The least restrictive form of occupational regulation is registration. This form of regulation usually requires individuals to file their names, addresses, and qualifications with a government agency before practicing a specified occupation. The requirements may include posting a bond or filing a fee. The regulation of occupations in the United States and other nations falls under this continuum of less restrictive to highly restrictive forms of government regulation.
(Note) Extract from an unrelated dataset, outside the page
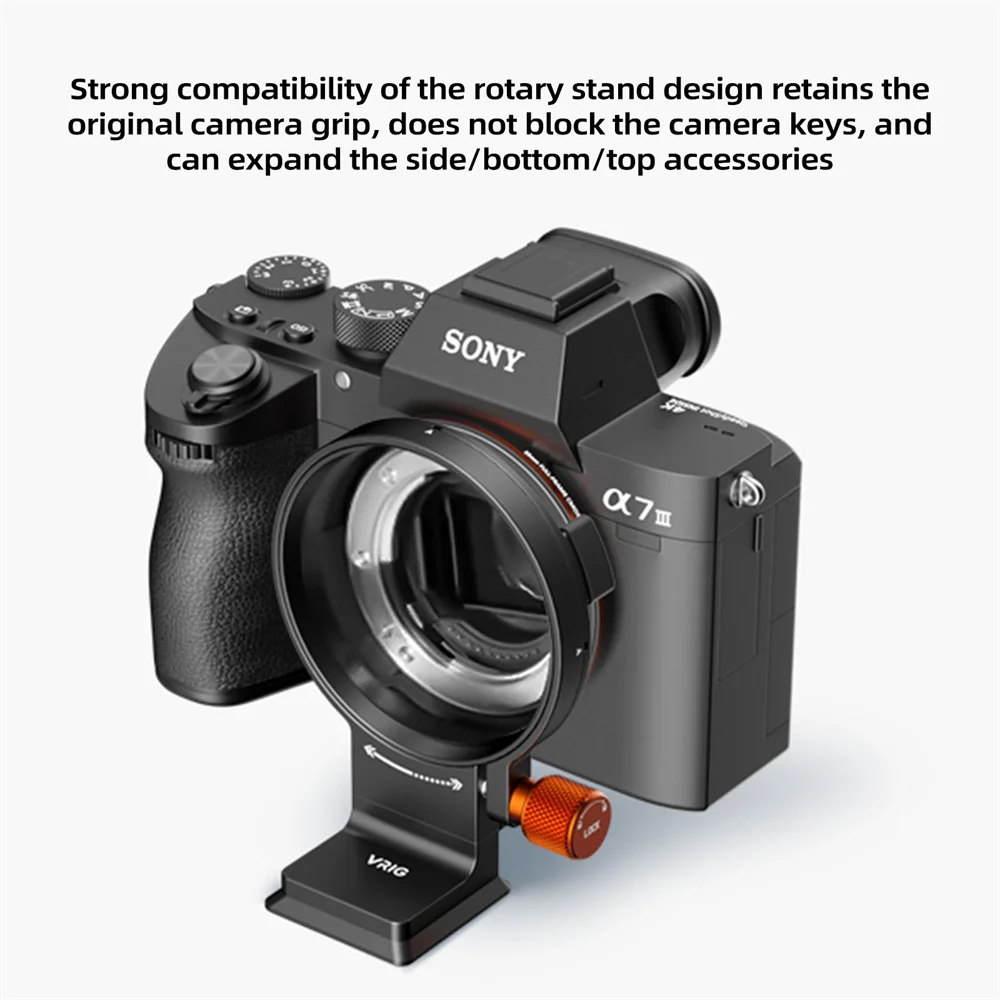 VRIG Arca Ring Lens Collar Rotatable Horizontal-To-Vertical Tripod Mount Quick Release for Sony FX3/FX30/A7M4/A7S3/A7R4/A6400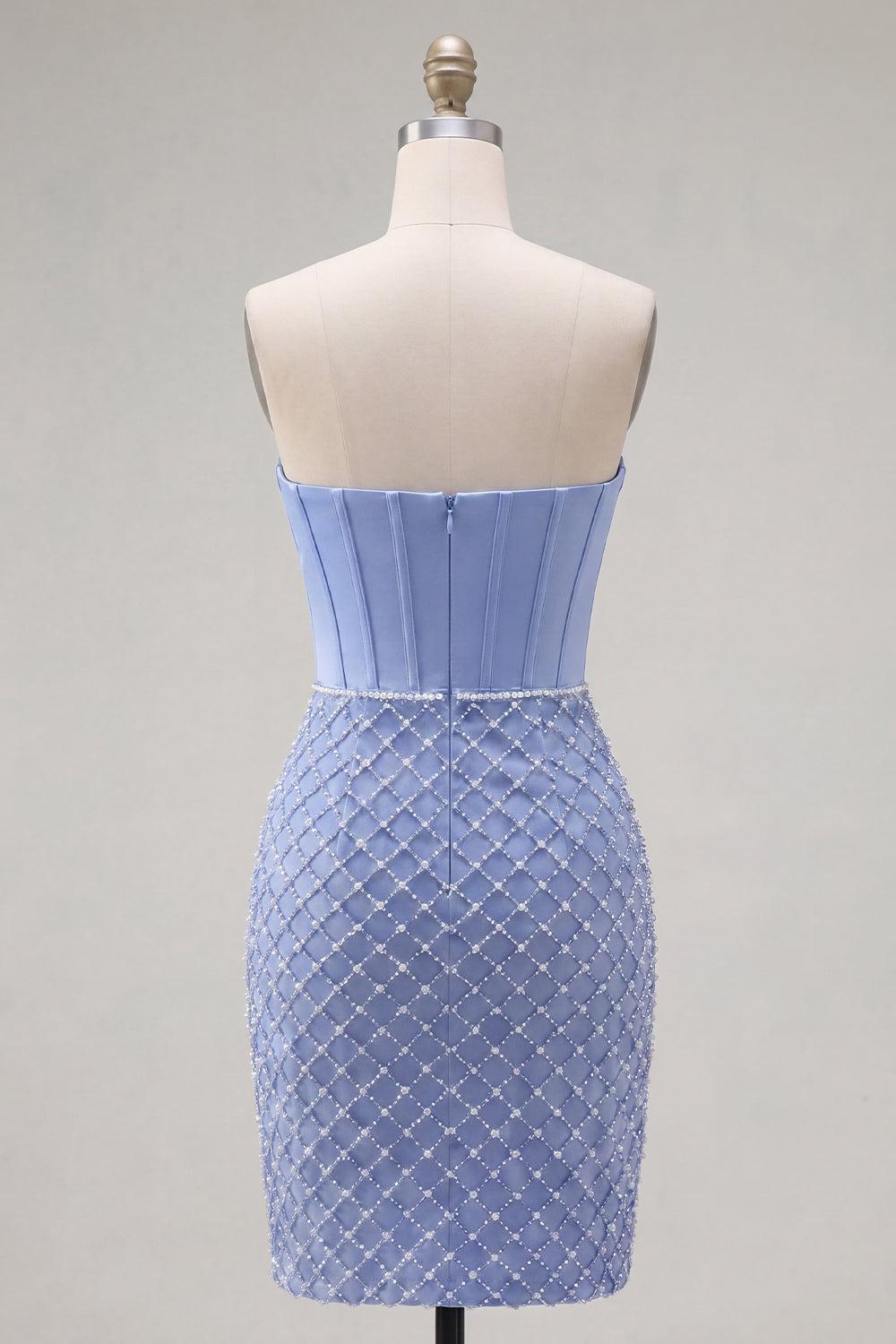 Blue Strapless Basque Waist Corset Tight Short Homecoming Dress with Pearls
In the United States, occupational licensing is a fast-growing form of regulation. During the early 1950s, about 5 percent of the labor force was covered by licensing laws at the state level. By the 1960s, the number of persons working in licensed occupations had grown to more than 10 percent of the U.S workforce, with an even larger number if city and county licenses for occupations are included. The number and percentage of licensed occupations has continued to grow, and data from the Occupation and Employment Survey and the 2000 Census show that approximately 20 percent of the workforce in 2000 was employed in occupations licensed by states (Kleiner 2006).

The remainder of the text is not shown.